Это что ещё за «пепя» такая?! – Мама снова шевельнула губами. – Ты что, совсем дура?! Отвечай! Я тебя спрашиваю! Отвечай, сказала! «Пепя» что такое?! – Видно было, что мама всё-таки напрягалась, стараясь вспомнить, может действительно существует такое слово? Но, поняв, что её жестоко обманули, что такого слова нет, разозлилась ещё больше. – Сейчас я тебя палкой по спине поглажу! Сейчас поглажу! Василий! – Взревела мама. – Твоя дочь – конченная дура! Ты только посмотри на эту дебилку! Она букву «п» от «т» отличить не может! Я тебя, сволочь, буду держать в ежовых рукавицах! Ты мне, дрянь, за всё поплатишься! Шваль уличная! Только с дворничихиной дочкой тебе и жить вместе!

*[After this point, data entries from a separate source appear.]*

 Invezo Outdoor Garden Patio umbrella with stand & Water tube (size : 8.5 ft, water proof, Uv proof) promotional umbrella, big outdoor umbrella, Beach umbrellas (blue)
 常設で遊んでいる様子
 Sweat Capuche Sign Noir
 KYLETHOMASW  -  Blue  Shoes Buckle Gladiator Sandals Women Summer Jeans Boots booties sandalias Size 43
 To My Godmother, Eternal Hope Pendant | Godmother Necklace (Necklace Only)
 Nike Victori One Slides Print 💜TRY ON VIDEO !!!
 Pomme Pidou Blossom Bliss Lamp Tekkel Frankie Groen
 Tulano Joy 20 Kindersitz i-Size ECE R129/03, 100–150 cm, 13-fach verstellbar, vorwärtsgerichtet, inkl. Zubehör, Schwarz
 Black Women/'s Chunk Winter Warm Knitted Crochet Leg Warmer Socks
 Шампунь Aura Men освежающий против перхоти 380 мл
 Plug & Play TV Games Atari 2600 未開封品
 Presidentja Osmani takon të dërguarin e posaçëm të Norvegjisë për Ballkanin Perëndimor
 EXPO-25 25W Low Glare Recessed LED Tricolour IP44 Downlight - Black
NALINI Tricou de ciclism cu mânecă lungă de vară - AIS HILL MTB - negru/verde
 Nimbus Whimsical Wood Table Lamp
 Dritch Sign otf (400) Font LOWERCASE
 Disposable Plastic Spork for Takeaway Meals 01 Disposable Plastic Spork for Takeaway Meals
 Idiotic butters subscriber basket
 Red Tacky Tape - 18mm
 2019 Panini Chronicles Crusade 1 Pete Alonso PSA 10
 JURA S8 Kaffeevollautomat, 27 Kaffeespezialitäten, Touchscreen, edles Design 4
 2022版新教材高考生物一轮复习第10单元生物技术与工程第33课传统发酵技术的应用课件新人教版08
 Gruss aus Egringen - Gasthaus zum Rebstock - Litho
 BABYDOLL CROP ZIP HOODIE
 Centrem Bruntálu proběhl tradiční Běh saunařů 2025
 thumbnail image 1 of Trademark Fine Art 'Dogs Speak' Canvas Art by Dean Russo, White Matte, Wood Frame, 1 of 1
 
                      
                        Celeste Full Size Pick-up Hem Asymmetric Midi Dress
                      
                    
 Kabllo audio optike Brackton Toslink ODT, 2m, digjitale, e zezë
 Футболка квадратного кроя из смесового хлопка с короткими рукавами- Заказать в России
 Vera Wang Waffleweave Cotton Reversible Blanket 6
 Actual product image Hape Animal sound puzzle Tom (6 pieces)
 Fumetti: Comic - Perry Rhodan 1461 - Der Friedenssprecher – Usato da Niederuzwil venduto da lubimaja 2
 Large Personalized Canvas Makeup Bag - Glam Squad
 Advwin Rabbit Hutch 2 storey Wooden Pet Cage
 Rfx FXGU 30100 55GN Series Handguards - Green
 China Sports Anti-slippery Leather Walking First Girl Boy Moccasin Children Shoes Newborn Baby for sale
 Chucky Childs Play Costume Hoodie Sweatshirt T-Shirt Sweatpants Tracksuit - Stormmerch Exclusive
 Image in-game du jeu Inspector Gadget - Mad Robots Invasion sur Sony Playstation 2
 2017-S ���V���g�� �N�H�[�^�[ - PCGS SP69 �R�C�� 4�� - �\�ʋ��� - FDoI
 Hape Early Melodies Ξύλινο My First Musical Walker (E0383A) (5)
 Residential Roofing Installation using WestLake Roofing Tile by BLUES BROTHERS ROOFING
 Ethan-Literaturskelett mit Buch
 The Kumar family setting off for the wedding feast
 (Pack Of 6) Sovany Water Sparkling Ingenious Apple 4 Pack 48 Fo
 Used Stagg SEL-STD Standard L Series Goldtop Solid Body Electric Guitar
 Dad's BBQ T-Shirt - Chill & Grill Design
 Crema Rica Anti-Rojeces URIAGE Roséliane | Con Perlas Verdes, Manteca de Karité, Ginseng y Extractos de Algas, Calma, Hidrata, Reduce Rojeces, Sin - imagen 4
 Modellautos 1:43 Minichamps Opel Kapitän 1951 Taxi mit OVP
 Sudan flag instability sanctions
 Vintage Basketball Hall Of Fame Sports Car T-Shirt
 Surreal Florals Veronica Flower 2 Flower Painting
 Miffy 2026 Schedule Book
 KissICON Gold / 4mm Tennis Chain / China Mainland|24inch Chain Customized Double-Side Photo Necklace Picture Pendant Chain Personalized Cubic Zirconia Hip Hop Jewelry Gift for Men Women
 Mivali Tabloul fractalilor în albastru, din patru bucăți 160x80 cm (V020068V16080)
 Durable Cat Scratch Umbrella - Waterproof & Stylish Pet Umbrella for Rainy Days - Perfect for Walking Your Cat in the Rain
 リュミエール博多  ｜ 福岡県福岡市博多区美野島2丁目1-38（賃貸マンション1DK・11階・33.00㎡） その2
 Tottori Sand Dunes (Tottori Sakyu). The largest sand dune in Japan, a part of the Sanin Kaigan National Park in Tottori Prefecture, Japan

Отец из коридора презрительно фыркнул:
– Нэ можэт – пуст снова дэцкий сад идот! Все ево одноклассники пайдут втарой класс, она апят пайдот первый!
Аделаида страшно испугалась:
– Я сейчас всё снова напишу, вот увидите!
– Конечно, напишешь, дебилка! – Мама, как настоящая учительница, говорила очень сдержанно и твёрдо. – Ещё как напишешь! Знаешь поговорку: от дурной головы ногам-рукам покоя нет! Так это про тебя! – Мама торжественно вырвала первый лист из новой тетрадки. – Ну, пиши! Посмотрим, что ты ещё напишешь!
Аделаида стала снова переписывать упражнения по букве «т»: «тётя», «тётя», «тётя» ложились друг за другом ровненькие слова. «Волосяная линия» – «жирная»… «волосяная» – «жирная»…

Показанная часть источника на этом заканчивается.